Once again, to show that’s one thing is blatantly copying another thing, you kind of have to show that thing exists already. Kakuro is also a similar game with its own unique rules that only somewhat overlap with this one.

It’s not enough to say “a lot of games with similar rules exist” and if anything, that just shows that a generative AI is good at what it does: break down the rules of a game and make modifications to make what is potentially a new game.

If you can show an example of this exact game having existed for centuries, then you have a point. But showing that magic squares and similar games exist… just shows that magic squares and similar games exist, not that the algorithm incorrectly said this is a new game.

One game I can think of being very similar, is a game within a game. Dungeons & Diagrams puzzle within Last Call BBS [0]. In that game you can place or remove walls for them to add up to the numbers shown per row/column. That game has another layer of strategy built on top, as there are certain "dungeon patterns" you could observe that would in theory guide you through completion. I myself haven't noticed any patterns when I've tried the game the first time, and just relied on the numbers shown. (Guess that's why I've only played 3-4 levels)

[0] https://steamuserimages-a.akamaihd.net/ugc/18583143573725211...

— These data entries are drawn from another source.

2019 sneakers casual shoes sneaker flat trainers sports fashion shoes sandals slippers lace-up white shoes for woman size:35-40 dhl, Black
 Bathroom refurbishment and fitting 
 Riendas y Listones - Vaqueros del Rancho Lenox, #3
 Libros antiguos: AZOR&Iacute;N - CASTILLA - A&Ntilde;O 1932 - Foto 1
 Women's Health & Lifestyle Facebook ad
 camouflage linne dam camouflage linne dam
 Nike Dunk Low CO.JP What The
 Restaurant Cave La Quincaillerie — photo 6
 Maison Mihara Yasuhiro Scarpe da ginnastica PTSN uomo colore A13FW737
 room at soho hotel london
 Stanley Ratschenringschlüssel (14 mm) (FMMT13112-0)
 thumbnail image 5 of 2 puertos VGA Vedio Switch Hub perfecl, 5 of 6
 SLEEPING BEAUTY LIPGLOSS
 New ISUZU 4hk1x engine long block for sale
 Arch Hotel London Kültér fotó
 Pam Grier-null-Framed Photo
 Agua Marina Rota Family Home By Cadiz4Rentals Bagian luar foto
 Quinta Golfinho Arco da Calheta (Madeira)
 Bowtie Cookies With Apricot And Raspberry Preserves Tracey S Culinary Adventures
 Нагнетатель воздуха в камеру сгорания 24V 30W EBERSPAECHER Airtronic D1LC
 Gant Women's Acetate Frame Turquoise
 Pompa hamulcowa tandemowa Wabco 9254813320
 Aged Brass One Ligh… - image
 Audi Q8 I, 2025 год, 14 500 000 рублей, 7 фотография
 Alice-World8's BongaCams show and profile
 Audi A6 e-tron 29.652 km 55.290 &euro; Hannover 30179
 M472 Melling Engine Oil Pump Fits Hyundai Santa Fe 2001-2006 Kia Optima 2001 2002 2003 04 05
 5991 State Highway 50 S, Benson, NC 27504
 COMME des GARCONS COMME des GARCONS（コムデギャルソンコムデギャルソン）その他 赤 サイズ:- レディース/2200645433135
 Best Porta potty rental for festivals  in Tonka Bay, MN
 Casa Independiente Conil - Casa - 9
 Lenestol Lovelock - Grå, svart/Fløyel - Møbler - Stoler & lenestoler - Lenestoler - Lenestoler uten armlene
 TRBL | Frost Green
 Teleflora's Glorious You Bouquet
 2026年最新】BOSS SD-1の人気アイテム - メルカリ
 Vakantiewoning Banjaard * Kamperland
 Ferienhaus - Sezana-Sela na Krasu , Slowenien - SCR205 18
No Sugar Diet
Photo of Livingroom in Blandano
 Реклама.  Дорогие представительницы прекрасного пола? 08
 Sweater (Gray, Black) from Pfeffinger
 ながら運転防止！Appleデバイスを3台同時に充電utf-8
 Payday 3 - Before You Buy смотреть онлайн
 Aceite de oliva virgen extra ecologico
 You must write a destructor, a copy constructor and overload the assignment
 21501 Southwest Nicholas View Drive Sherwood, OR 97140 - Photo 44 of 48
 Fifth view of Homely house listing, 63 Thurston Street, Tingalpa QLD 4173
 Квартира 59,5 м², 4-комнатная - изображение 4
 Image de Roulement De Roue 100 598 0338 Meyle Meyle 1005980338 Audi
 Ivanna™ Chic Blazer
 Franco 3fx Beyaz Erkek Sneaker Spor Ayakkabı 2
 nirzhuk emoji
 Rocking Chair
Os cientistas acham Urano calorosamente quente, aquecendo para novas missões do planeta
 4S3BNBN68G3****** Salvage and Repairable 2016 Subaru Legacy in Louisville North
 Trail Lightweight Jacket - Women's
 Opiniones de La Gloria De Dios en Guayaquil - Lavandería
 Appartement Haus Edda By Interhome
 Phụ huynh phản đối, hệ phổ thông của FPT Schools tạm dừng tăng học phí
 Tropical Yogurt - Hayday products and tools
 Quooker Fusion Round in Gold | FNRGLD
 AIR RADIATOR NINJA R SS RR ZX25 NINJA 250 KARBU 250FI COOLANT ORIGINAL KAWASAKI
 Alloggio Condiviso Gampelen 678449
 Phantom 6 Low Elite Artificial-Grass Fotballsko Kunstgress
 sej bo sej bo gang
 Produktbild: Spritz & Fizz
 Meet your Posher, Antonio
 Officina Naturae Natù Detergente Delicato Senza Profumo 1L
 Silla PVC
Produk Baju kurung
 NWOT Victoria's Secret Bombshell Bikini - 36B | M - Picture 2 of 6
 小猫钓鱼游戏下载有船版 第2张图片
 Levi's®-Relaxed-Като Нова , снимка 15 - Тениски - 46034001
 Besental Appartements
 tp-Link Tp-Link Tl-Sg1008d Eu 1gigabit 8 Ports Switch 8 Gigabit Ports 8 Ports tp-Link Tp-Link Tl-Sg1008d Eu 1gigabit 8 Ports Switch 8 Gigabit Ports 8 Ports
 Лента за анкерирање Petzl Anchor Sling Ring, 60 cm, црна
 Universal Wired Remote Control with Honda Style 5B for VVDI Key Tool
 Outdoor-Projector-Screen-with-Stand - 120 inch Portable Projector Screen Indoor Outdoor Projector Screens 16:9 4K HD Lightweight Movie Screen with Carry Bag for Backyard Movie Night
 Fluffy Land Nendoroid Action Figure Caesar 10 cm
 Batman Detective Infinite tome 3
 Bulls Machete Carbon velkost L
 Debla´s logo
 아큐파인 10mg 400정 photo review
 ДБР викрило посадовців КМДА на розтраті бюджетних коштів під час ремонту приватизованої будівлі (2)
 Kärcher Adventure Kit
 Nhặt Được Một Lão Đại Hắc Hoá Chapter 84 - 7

https://play.google.com/store/apps/details?id=com.rohitpailw...

this comment thread started with this link, this is exactly the same game

Sure, and then the next comment said that ChatGPT could have separately invented the game, to which the comment I replied to said that's impossible because the type of game is old and surely would have been written down and included in its corpus, which it then claimed it invented. The rest of the context matters.

ChatGPT can't deduce the rules of the game using the screenshots. They would need to be written somewhere for them to come out of its dataset. And so far, nobody has shown a game with the rules in a format that ChatGPT could consume.

Why is it so hard to believe that a generative AI generated this game from similar ones which exist? That is literally the purpose of it, after all.

Hm, well in that case I may well be wrong. Thanks for the info!
Chatgpt should be able to cluster things and see were clusters could be, collect everything necessary for that theoretically cluster and the human could evaluate it.
Re forgetting: we should be careful not to anthropomorphize ChatGPT.

In principle, ChatGPT cannot forget. It is trained on data and this training will stay as long as it didn't get deleted or destroyed. In other words, in all cases of someone having made ChatGPT tell something, it should be possible to repeat this. Perhaps in some case it will be effectively impossible for some rare combination of prompt and random seed, so one could say, ChatGPT forgot something. But this is not the same as people forgetting something.

Or during the training something was not considered important, but this is not forgetting, this is ignoring.